This property is important for many arithmetic and algebraic proofs. It also explains mathematical operations.
Before moving on with this section, make sure that you have reviewed the general properties of equality.
This section covers:
- What Is Distributive Property of Equality
- Distributive Property of Equality Definition
- Converse of the Distributive Property of Equality
- Reverse Distribution
- Example of Distributive Property of Equality
What Is Distributive Property of Equality
The distributive property of equality states that equality holds after distribution.
Distribution in mathematics means multiplying one element by two or more added elements in parenthesis.
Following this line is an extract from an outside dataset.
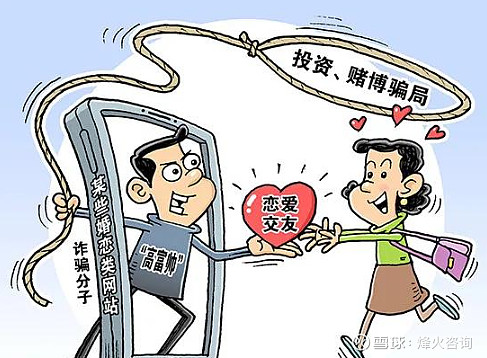 曝光海圣资管投资被骗平台不能出金老师喊单经常亏损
In particular, the distributive property of equality explains how multiplication and addition work in a situation such as $a(b+c)$ for real numbers $a, b,$ and $c$.
This has applications in arithmetic, algebra, and logic. It also paves the way for the algorithm to simplify the multiplication of binomials. This algorithm, or method, is often called FOIL.
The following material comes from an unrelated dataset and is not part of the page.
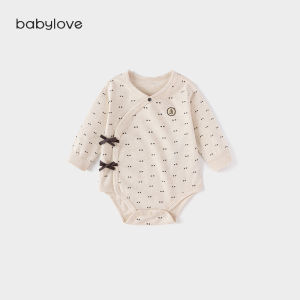 babylove | Baby Belly Guard Pajamas Cotton 0-3 Months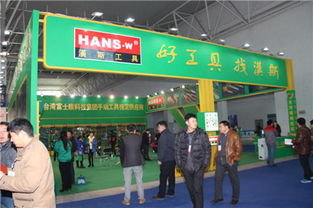 第三届中国 临沂 国际五金机电展览会隆重开幕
Do not confuse this with a probability distribution. That is a separate concept that helps to explain likelihood of certain events.
Distributive Property of Equality Definition
Multiplying a quantity by the sum of two terms is the same as adding together the products of the original quantity and each term.
The distributive property can be generalized further. That is, multiplying a quantity by the sum of two or more terms is the same as adding together the products of the original quantity and each term.
A simpler way of saying this is that equality holds after distribution of terms.
In arithmetic terms, let $a, b,$ and $c$ be real numbers. Then:
$a(b+c)=ab+ac$.
The more general formulation is, let $n$ be a natural number and let $a, b_1,…, b_n$ be real numbers. Then:
$a(b_1+…+b_n)=ab_1+…+ab_n$
Converse of the Distributive Property of Equality
Since this property of equality does not rely on any terms being equal, there is not a real converse. The only formulation would be that, if distribution does not preserve equality, then the terms are not real numbers.
Reverse Distribution
The reverse operation of distribution is called factoring. Factoring takes a sum of two products and makes it into one element multiplied by the sum of two other terms.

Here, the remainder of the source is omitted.